Une grande variété de termes signale en revanche les zones marécageuses, dont le plus fréquent est le provençal mouliero = terrain mou, prairie humide :
– la Moulière (La Garde-Freinet, 1715) ;
– les Moulières (La Garde-Freinet, 1715 ; Gassin, las Molerias en 1516 ; Grimaud, Mollerias en 1402 ; Plan-de-la-Tour, 1566) ;
– la Moulière Longue (La Garde-Freinet, 1715) ; Moulières Longues (Sainte-Maxime, 1815), avec l’adjectif longo = lointaine ;
– les Mouliérettes (La Garde-Freinet, ley Mouleirettes en 1613).
Formé sur le même radical que mouliero, l’ancien provençal moulestre = fondrière, bourbier apparaît dans 8 composés avec des noms de lieu ou de personne.

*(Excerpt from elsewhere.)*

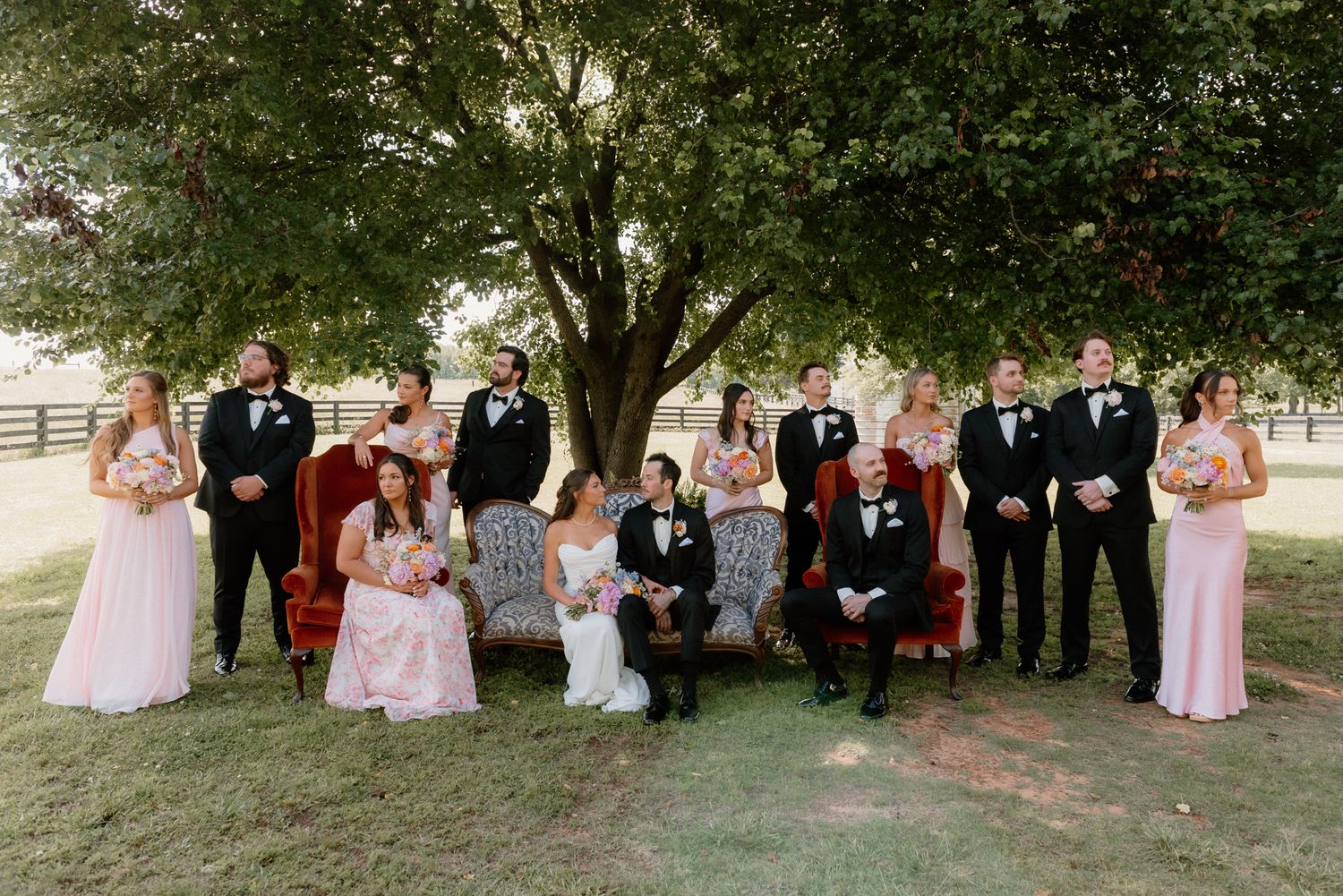 Wedding party in pink bridesmaid dresses and black tuxedos poses outdoors under green trees during summer celebration.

Le provençal suei = bourbier, cloaque, a servi à dénommer :
– le Suel (Plan-de-la-Tour, le Sueilh en 1613) et le Suy (Saint-Maxime, XVIIIe s.) ;
– le Soleil de Baude (Grimaud, 1637) résulte d’une mauvaise compréhension du même terme.
Notons encore :
– les Boudousquières (Grimaud, 1637), du provençal boudousco = bourbe ;
– la Boudrière (Saint-Tropez, XVIIIe s.), du provençal boudriero = fange ;
– Butégal (Ramatuelle, Bautugatum en 1403), du provençal bautugat = souillé ;
– la rue du Gacharel (Grimaud, Gacarella en 1175) et la Gacharelle (Sainte-Maxime, 1566), du provençal gacha = gâcher, patauger ;
– Lima (Ramatuelle, Limam en 1404), du provençal limo = limon, vase ;
– Mourteires (Cogolin/ Gassin, Mortayret en 1443), dérivé de mortier = boue ;
– les Négadisses (Saint-Tropez, 1471), pluriel de negadis = terrain inondable.
Elisabeth SAUZE
(4) Mais aussi conservé localement en Vaucluse avec le sens de » canal d’assèchement « .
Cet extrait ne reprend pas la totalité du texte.